OCTOBER 15-18: Granada ‘I am falling under your spell…’ PART 2

Posted on Feb 16, 2012 in category



After defying all warnings about driving in Granada, we were pretty proud about successfully parking our car ‘Bomb’ close to the Albaicin area, ‘the quarter of the falconers’. Like the Alhambra, this  old Arab quarter or district of Granada was made a World Heritage site in 1984. Estimates of 40,000 Moors lived in its narrow, steep streets during the Nasrid period (A.D.1232-1492). Over 30 mosques were constructed along with many opulent ‘carmens’ or Moorish houses. Like the Jews who were expelled from Granada in A.D.1492 on the city’s conquest by King Ferdinand and Queen Isabella, the Moors who stayed in Granada soon found themselves on the outer and eventually were forced to convert or join the exodus from Spain (by A.D.1609 all Moors were expelled). Christian charity especially from the Dominican monks did not extend to infidels.



A map of the Albaicin quarter. Our apartment was on ‘Calle San Jose Alta’ near the Church of San Jose (9) and its A.D.1050 minaret, one of only two that survive in Granada



Minaret of San Jose Church (9)

There are several good vantage points to see the Alhambra from the Albaicin quarter which runs parallel to it.
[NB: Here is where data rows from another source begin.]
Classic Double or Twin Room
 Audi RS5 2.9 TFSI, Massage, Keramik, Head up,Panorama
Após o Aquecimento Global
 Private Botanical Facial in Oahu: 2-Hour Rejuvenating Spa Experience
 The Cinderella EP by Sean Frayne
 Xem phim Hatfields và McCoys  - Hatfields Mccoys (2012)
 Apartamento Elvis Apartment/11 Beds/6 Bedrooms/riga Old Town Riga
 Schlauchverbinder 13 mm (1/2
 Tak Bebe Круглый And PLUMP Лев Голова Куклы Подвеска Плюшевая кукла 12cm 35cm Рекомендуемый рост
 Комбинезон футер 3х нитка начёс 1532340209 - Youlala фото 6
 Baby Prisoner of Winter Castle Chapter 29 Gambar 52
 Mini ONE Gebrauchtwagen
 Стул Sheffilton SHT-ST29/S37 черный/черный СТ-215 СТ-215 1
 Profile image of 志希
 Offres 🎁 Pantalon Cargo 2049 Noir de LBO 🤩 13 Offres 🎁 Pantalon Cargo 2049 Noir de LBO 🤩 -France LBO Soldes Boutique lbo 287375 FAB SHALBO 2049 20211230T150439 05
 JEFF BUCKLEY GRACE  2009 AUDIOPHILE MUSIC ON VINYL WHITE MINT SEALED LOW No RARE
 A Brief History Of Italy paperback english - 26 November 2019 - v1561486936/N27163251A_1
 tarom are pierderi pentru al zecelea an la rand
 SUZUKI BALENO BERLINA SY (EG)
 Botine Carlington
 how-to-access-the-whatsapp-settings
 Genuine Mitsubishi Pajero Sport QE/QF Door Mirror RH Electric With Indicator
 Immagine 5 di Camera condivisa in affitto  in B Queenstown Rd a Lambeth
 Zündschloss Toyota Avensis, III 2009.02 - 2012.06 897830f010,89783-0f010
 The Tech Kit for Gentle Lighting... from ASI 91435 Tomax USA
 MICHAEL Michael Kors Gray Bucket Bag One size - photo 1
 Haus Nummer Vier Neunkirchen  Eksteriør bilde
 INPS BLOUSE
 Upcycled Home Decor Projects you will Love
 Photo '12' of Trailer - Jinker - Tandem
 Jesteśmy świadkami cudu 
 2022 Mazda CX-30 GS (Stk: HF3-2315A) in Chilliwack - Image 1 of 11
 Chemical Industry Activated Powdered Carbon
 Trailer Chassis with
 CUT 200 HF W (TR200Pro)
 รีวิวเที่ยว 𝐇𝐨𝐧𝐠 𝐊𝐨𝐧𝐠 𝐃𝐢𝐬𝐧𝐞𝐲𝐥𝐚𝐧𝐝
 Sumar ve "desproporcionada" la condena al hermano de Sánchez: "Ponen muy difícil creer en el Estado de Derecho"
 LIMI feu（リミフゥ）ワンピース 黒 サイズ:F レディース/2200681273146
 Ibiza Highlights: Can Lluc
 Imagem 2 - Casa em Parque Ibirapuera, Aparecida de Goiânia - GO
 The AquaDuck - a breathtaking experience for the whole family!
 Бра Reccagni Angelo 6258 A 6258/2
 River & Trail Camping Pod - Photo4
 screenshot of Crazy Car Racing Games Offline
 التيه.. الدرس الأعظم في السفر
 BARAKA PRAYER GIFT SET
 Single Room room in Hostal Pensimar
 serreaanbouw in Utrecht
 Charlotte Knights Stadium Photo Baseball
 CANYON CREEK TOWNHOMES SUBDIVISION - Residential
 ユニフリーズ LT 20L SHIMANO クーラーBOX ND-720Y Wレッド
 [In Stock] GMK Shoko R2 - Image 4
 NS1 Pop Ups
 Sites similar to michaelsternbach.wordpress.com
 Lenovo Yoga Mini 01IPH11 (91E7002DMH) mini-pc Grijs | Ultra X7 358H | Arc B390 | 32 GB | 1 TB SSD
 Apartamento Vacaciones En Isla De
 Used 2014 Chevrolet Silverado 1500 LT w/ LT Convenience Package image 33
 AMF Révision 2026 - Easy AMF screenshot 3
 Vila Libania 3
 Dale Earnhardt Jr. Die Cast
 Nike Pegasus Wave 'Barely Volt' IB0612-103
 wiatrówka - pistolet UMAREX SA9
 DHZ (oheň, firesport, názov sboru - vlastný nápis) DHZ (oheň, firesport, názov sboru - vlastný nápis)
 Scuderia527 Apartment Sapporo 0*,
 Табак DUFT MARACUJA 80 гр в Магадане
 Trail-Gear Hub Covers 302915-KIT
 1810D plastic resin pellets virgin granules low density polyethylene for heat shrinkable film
Close to our Mudejar apartment was Plaza de San Miguel Bajo (10), Church of San Miguel Bajo (17) and the Convent of Santa Isobel la Catolica (15). The latter two buildings were undergoing restoration work.


Plaza de San Miguel Bajo (10) has reputedly good tapas bars. We enjoyed occasionally buying local produce from downtown supermarkets and using our apartment’s kitchen and patio



The view of the Alhambra (Arabic for ‘red fortress’) from the Mirador de San Nicholas (6) is spectacular

For a virtual view from the Mirador de San Nicholas see: http://www.360cities.net/image/image_112765_1290980088_235104_960106#917.53,3.91,109.6


Unfortunately, Granada’s Archaeological Museum (11 on above map) was closed for renovations. It is housed in ‘Casa de Castril’ (A.D.1539) built by Hernando de Zafra who fought for the conquering Christian army in A.D.1492 . In fact, he was the main negotiator for the King.


Zafra’s coat of arms depicts the Alhambra’s Comares Tower. Legend has it that the building is haunted as Zafra threw his daughter’s suspected lover from one of the upper storey windows . The phoenix rising has a twist here!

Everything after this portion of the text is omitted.